STORED DATA START

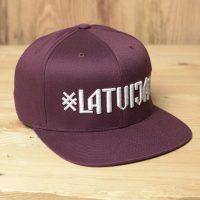 Latvija. Flexfit cepure ar taisnu nagu, slēgtu pakausi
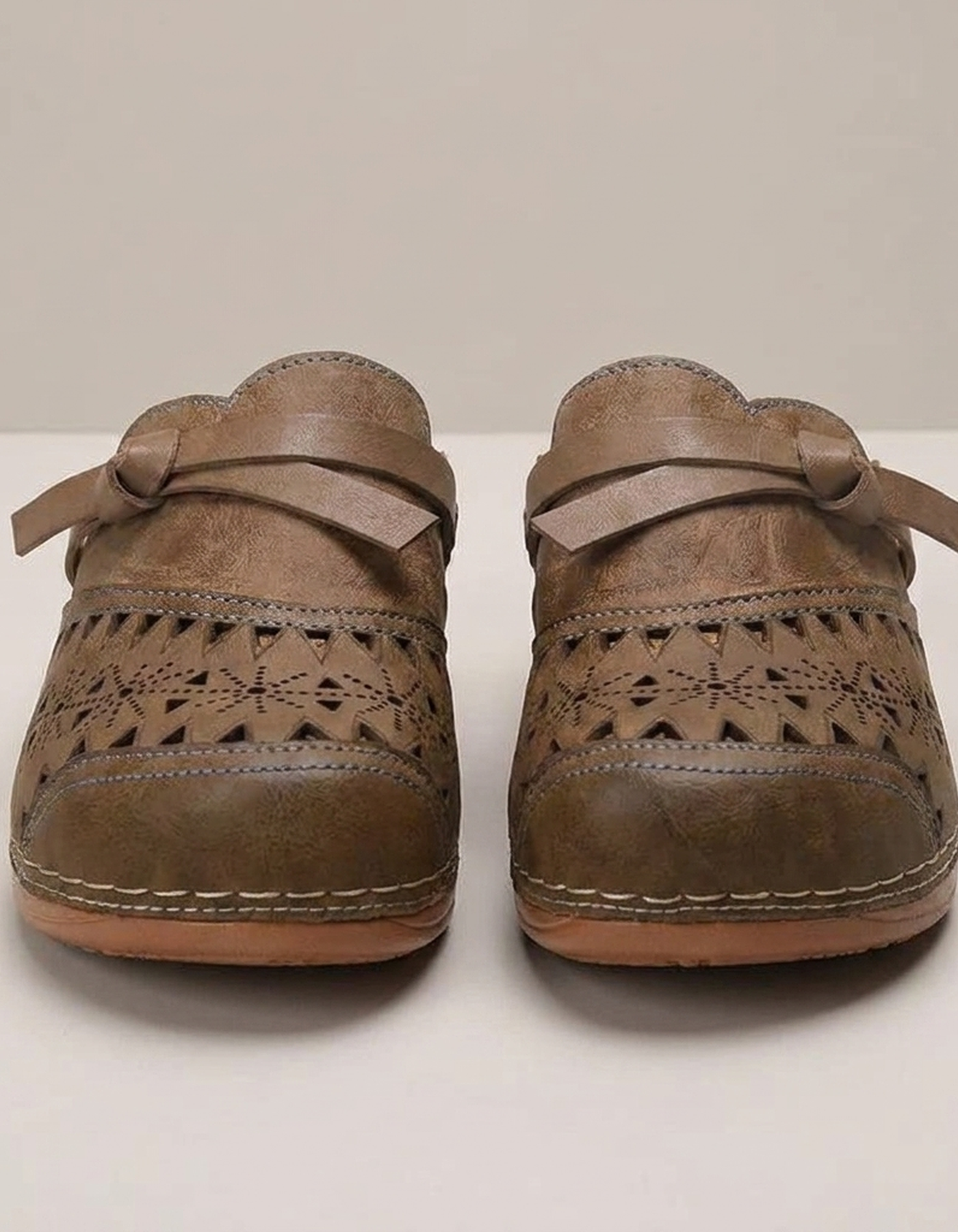 PLUXSTYLE::numise::womens-adjustable-everyday-clogs::pack-brown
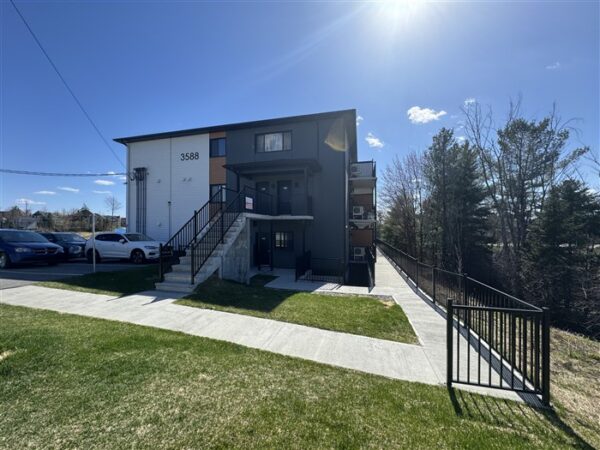 5½  sept) 108-3588, Boulevard l'Université, Sherbrooke J1N 0M9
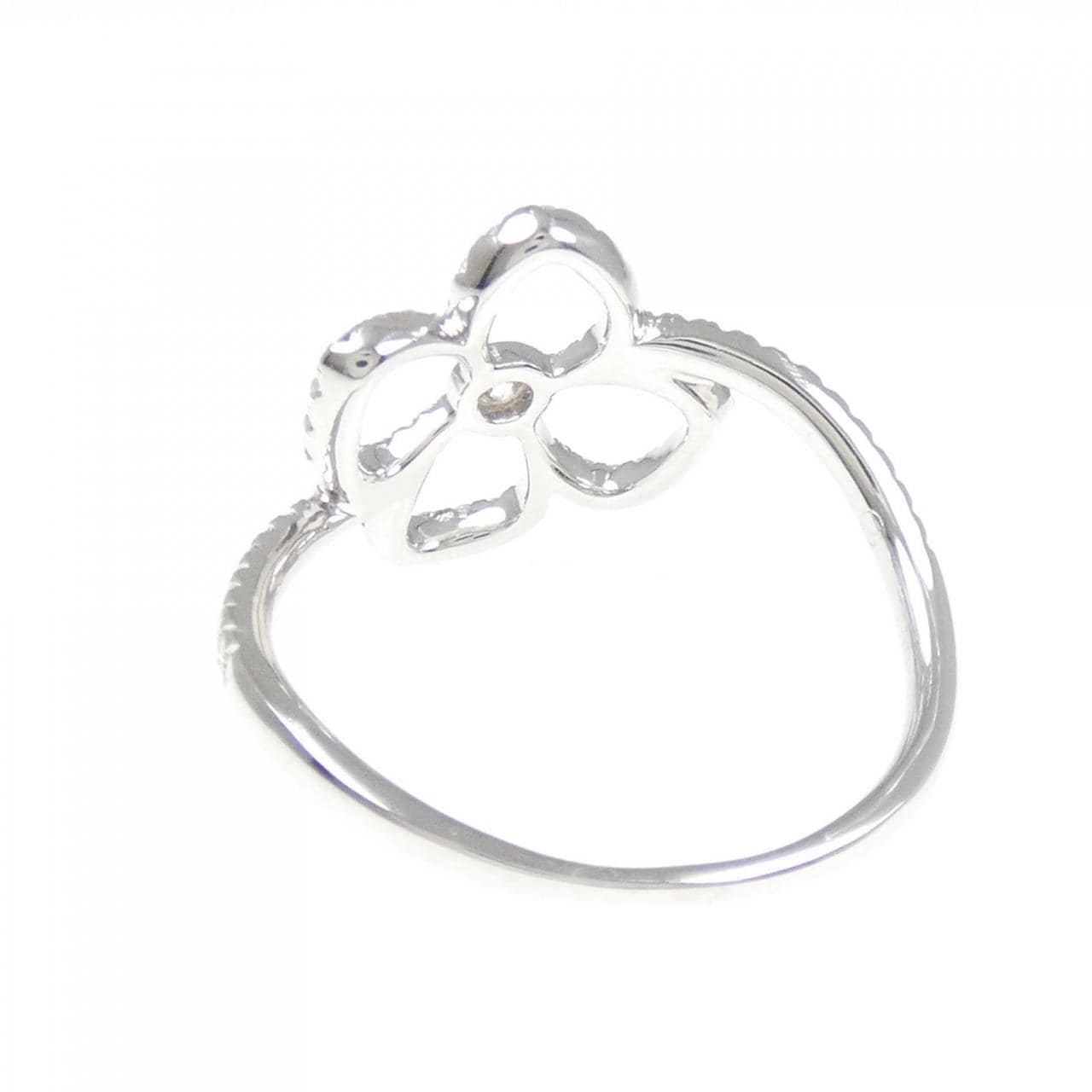 750WG フラワー ダイヤモンド リング 0.05CT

STORED DATA END

The expected answer is the listing above, duplicated exactly, with its pictures removed.

● **COMPLETED TASK**:
 Latvija. Flexfit cepure ar taisnu nagu, slēgtu pakausi
 PLUXSTYLE::numise::womens-adjustable-everyday-clogs::pack-brown
 5½  sept) 108-3588, Boulevard l'Université, Sherbrooke J1N 0M9
 750WG フラワー ダイヤモンド リング 0.05CT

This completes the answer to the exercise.